Oma häkelte Mandalas

Es hatte etwas Beruhigendes, wenn die Oma ihre Hände unruhig im Schoß bewegte. Ich wusste nicht wirklich, was sie tat. Ihr Blick war eher starr und schaute nach unten oder in die Ferne. Die Hände immer in Arbeit. Ein Motto war hier Fleisch geworden: Die Ruhe liegt in der Arbeit. Die Eltern brüllten: Steh mal auf! Andere arbeiten schon und du liegst noch im Bett. Dabei hatte ich mich gerade hingelegt. Ich hatte die Zeitungsfrau freundlich gegrüßt und die Rollläden, die manche auch Rouladen nannten, heruntergelassen. Ich war noch in der Flachschlafphase, also gerade in die Narkose gefallen, weil betäubt von der Feier, von der ich gekommen war. Es arbeiten doch immer irgendwelche, stammelte ich, und dachte an die Nachtschichtarbeiter, die anfingen, wenn die ordentlichen Menschen zu Bett gingen. Um 10 Uhr.  Abends. Warum krähte die Mutter jetzt herum? War sie nie jung gewesen? Ich hatte frei. Ich wollte leben. Beziehungsweise schlafen, um weiterzuleben.

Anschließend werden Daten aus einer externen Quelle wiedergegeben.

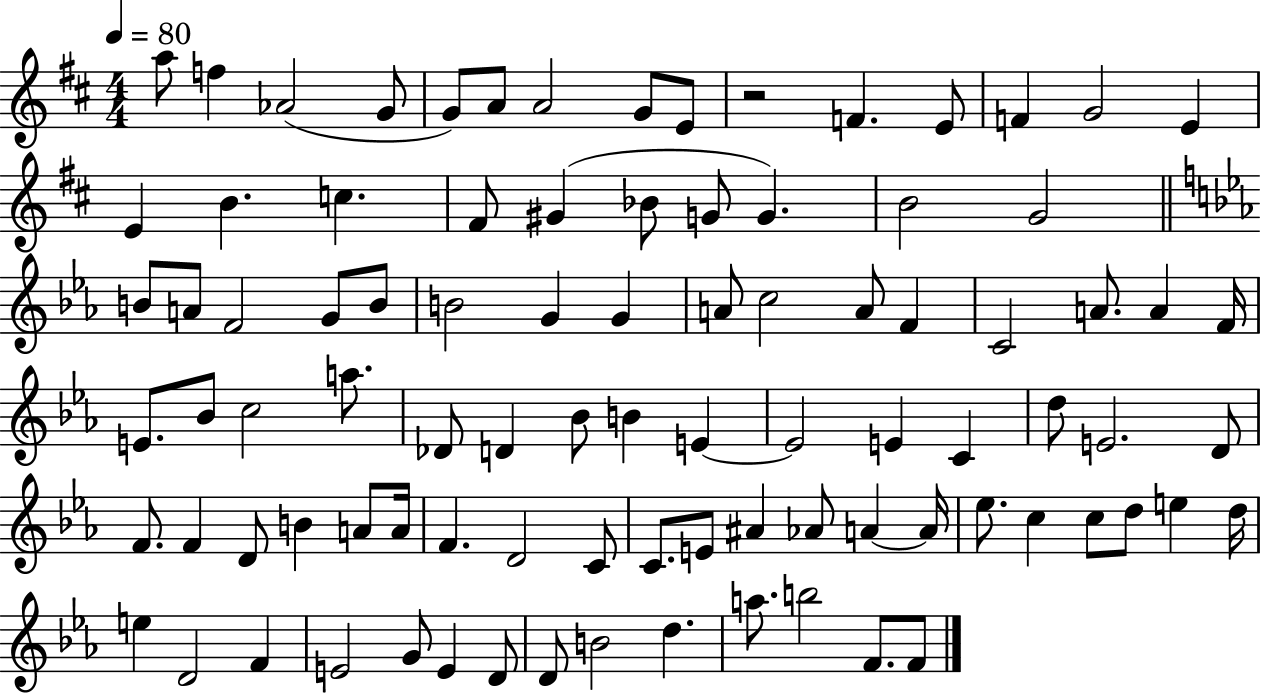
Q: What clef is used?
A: treble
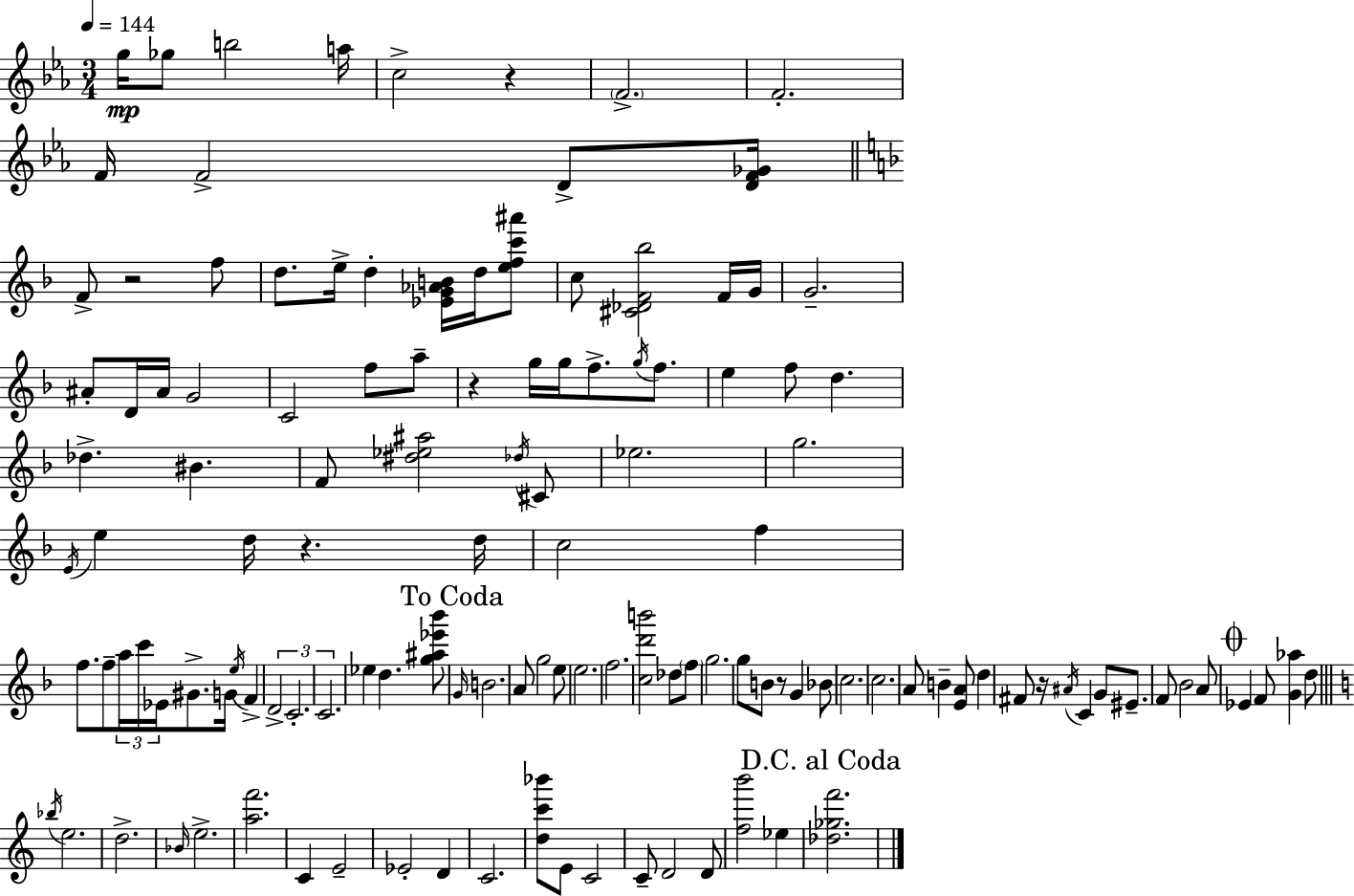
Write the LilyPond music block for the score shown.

{
  \clef treble
  \numericTimeSignature
  \time 3/4
  \key c \minor
  \tempo 4 = 144
  \repeat volta 2 { g''16\mp ges''8 b''2 a''16 | c''2-> r4 | \parenthesize f'2.-> | f'2.-. | \break f'16 f'2-> d'8-> <d' f' ges'>16 | \bar "||" \break \key f \major f'8-> r2 f''8 | d''8. e''16-> d''4-. <ees' g' aes' b'>16 d''16 <e'' f'' c''' ais'''>8 | c''8 <cis' des' f' bes''>2 f'16 g'16 | g'2.-- | \break ais'8-. d'16 ais'16 g'2 | c'2 f''8 a''8-- | r4 g''16 g''16 f''8.-> \acciaccatura { g''16 } f''8. | e''4 f''8 d''4. | \break des''4.-> bis'4. | f'8 <dis'' ees'' ais''>2 \acciaccatura { des''16 } | cis'8 ees''2. | g''2. | \break \acciaccatura { e'16 } e''4 d''16 r4. | d''16 c''2 f''4 | f''8. f''8-- \tuplet 3/2 { a''16 c'''16 ees'16 } gis'8.-> | g'16 \acciaccatura { e''16 } f'4-> \tuplet 3/2 { d'2-> | \break c'2.-. | c'2. } | ees''4 d''4. | <g'' ais'' ees''' bes'''>8 \mark "To Coda" \grace { g'16 } b'2. | \break a'8 g''2 | e''8 e''2. | f''2. | <c'' d''' b'''>2 | \break des''8 \parenthesize f''8 g''2. | g''8 b'8 r8 g'4 | bes'8 c''2. | c''2. | \break a'8 b'4-- <e' a'>8 | d''4 fis'8 r16 \acciaccatura { ais'16 } c'4 | g'8 eis'8.-- f'8 bes'2 | a'8 \mark \markup { \musicglyph "scripts.coda" } ees'4 f'8 | \break <g' aes''>4 d''8 \bar "||" \break \key c \major \acciaccatura { bes''16 } e''2. | d''2.-> | \grace { bes'16 } e''2.-> | <a'' f'''>2. | \break c'4 e'2-- | ees'2-. d'4 | c'2. | <d'' c''' bes'''>8 e'8 c'2 | \break c'8-- d'2 | d'8 <f'' b'''>2 ees''4 | \mark "D.C. al Coda" <des'' ges'' f'''>2. | } \bar "|."
}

Die Oma fummelte in irgendeinem Zimmer an ihren Händen oder an dem, was sie in diesen hielt, herum.
Später wusste ich: Sie war eine Schamanin. Sie störte es nicht, dass ich zu Bett ging, wenn die Eltern aufstanden.
Sie häkelte. Mandalas. Diese schönen runden Dinger, die man auch an Tischdecken nähen konnte, damit keiner wusste, welcher Zauber in ihnen steckte. Sie hatte die Magie in ihren Fingern: Mandalas.
Schade, dass sie gehäkelt waren.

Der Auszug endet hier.